I've added a link to this thread to the JIRA issue [1], so we don't
lose the insights mentioned by members above.


I want to take away your concerns about lints expansion for now. I
thought first of all about making all the source code-checking tools
more convenient for use with a minimal set of already existing lints
rather than adding or forcing new rules.
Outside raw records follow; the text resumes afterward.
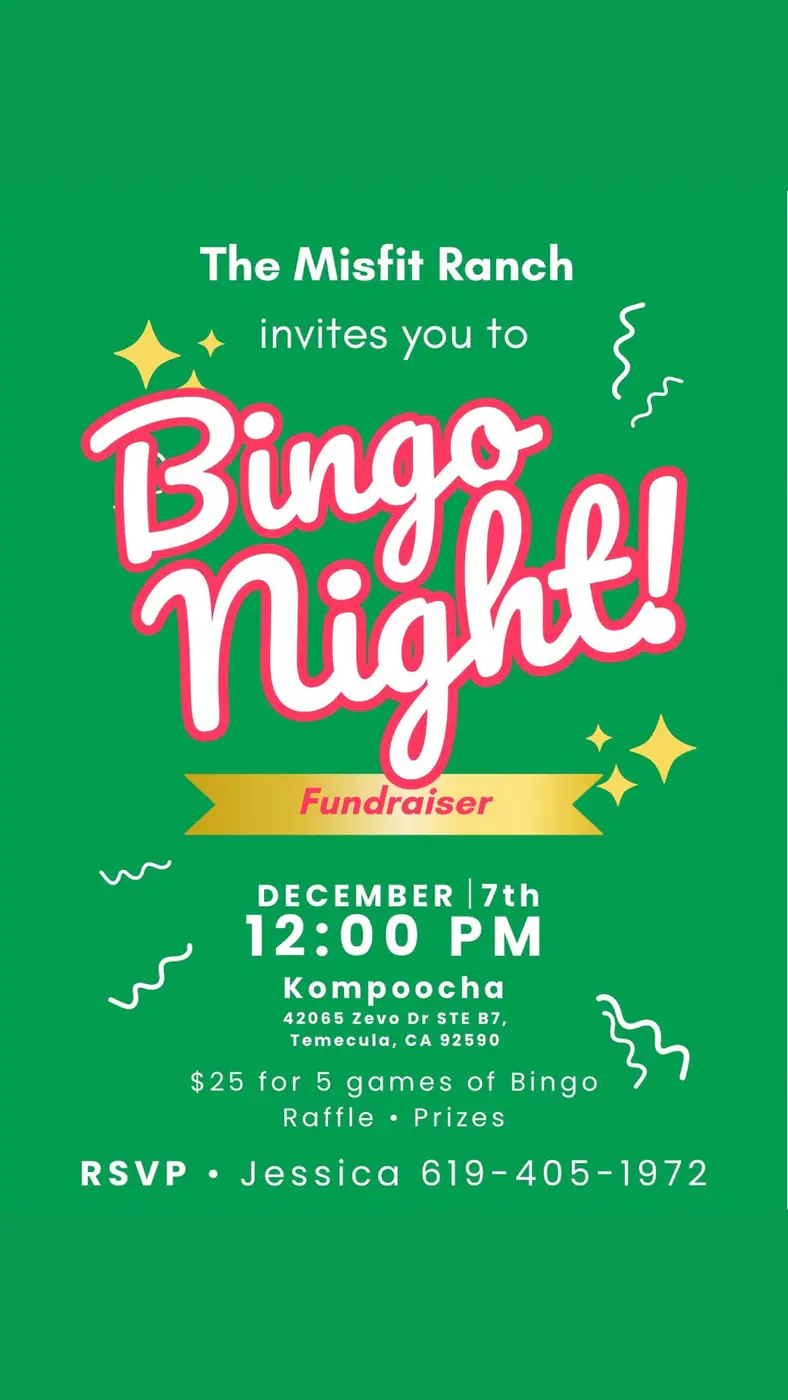 Bingo Night Fundraiser flyer for December 7 at Kompoocha Brewery in Temecula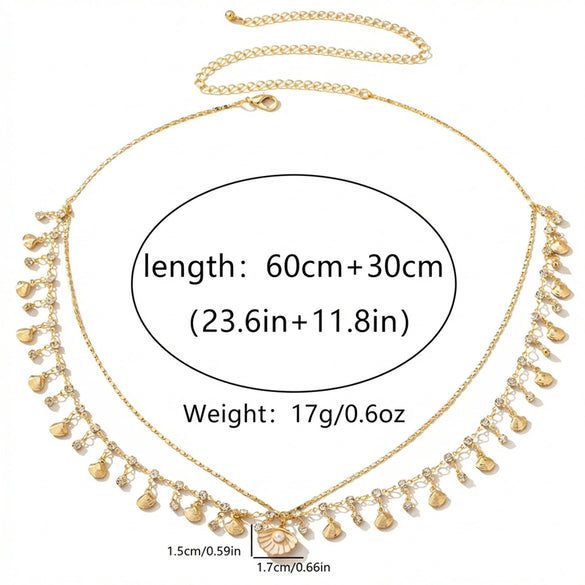 Wholesale Women's Shell Pearl Versatile Body Chain Zinc Alloy Lobster Clasp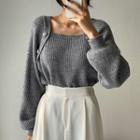 Square-neck Plain Sweater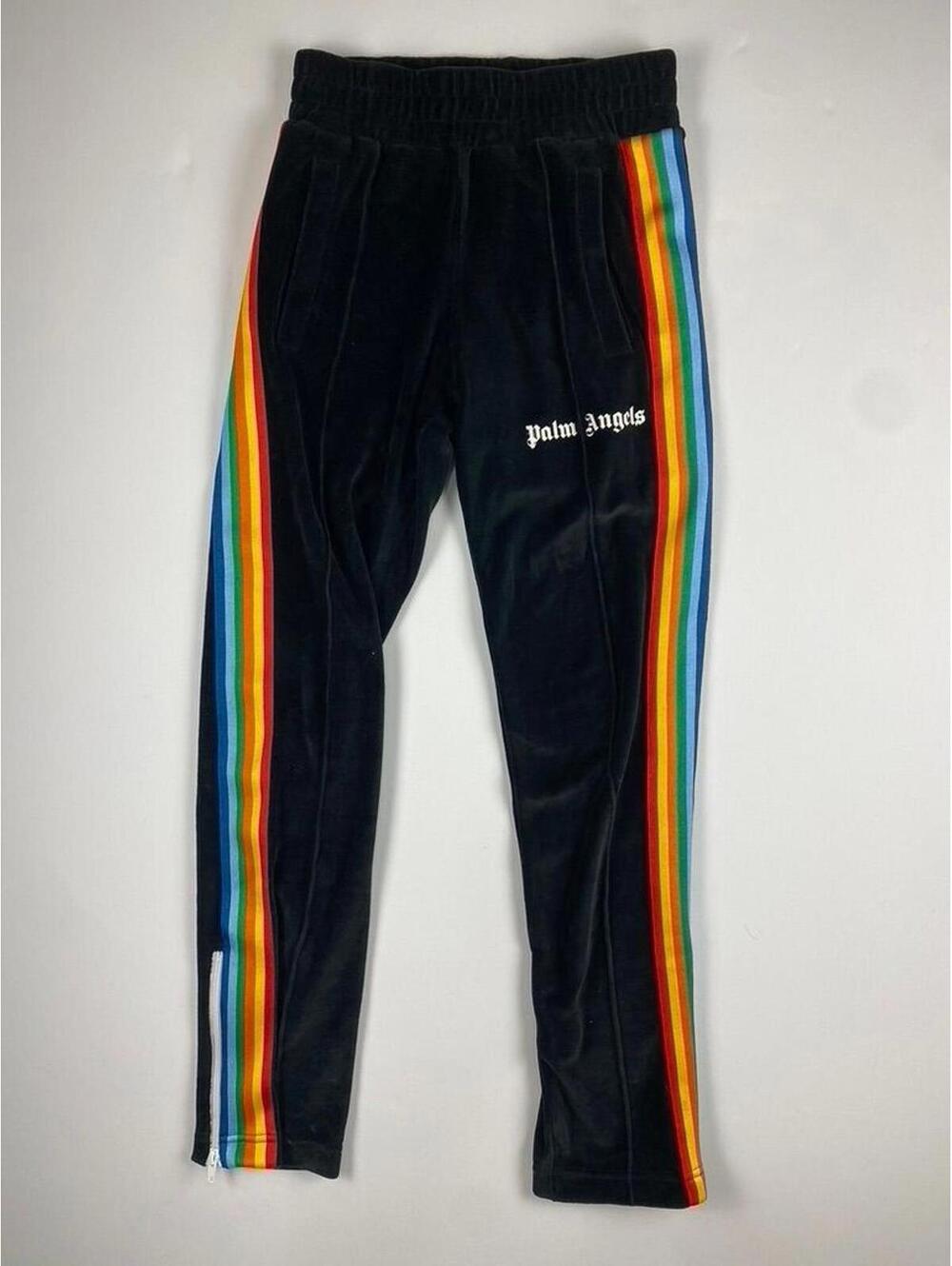 Palm Angels Velour Rainbow Stripe Trackpants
I really want to avoid here
cases with storing multiple configurations for a single tool e.g.
having different configurations for 'optional' or 'mandatory' checks
as well as different configurations for 'production' or 'tests'.
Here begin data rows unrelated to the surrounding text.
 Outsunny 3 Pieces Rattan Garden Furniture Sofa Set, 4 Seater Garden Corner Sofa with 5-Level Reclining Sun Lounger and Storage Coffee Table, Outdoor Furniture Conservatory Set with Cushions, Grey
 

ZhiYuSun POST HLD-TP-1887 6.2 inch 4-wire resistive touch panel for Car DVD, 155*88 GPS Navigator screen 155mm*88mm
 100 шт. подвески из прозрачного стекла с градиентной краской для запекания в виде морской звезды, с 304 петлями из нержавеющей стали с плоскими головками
Thus, the ideal picture in my mind of all discussed above is :

We have:
- checkstyle
- SpotBugs
- Sonar

They work the same way for:
- Jenkins builds
- CirleCI builds
- GitHub pull requests
- build on the local machine

For all that, we have the code style webpage [2] (and wiki [3]) is
pretty well described, there is no need to expand checking tools with
new rules until we will get working these tools on the minimal set of
rules. For instance, we can pick up for the checkstyle 'Unused
imports', 'Import order', for the SpotBugs 'AutoCloseable',
'Number.valueOf', for Sonar - only reports to monitor the source code
trends.

I agree that adding new lints require a broad consensus, so I'd like
to avoid such debatable questions for now. Moreover, even with the
lints already agreed upon, it is still risky to implement some of them
because they can contain a lot of boilerplate changes and may affect
more important fixes ready for merge.


So, as a first step, I can invest my time into the checkstyle tool and
make it work everywhere with the same configuration.
WDYT?


P.S.

For IntelliJ with the Checkstyle Plugin it's easy to import the
checkstyle.xml the following way:
Preferences -> Code Style -> Show Scheme Actions (wheel) -> Import
scheme -> Checkstyle configuration.


[1] https://issues.apache.org/jira/browse/CASSANDRA-17015 <https://issues.apache.org/jira/browse/CASSANDRA-17015> [2] https://cassandra.apache.org/_/development/code_style.html <https://cassandra.apache.org/_/development/code_style.html> [3] https://cwiki.apache.org/confluence/display/CASSANDRA2/CodeStyle <https://cwiki.apache.org/confluence/display/CASSANDRA2/CodeStyle>

On Sun, 27 Nov 2022 at 13:17, Josh McKenzie <jmcken...@apache.org <mailto:jmcken...@apache.org>> wrote:

My .02 on the build discussion is we should try and keep the guts of that in one place, be it the other email thread or on JIRA. Some insightful points made on this thread but would hate to see this thread derailed on a complex independent topic as well as see some of these points lost on the other discussion.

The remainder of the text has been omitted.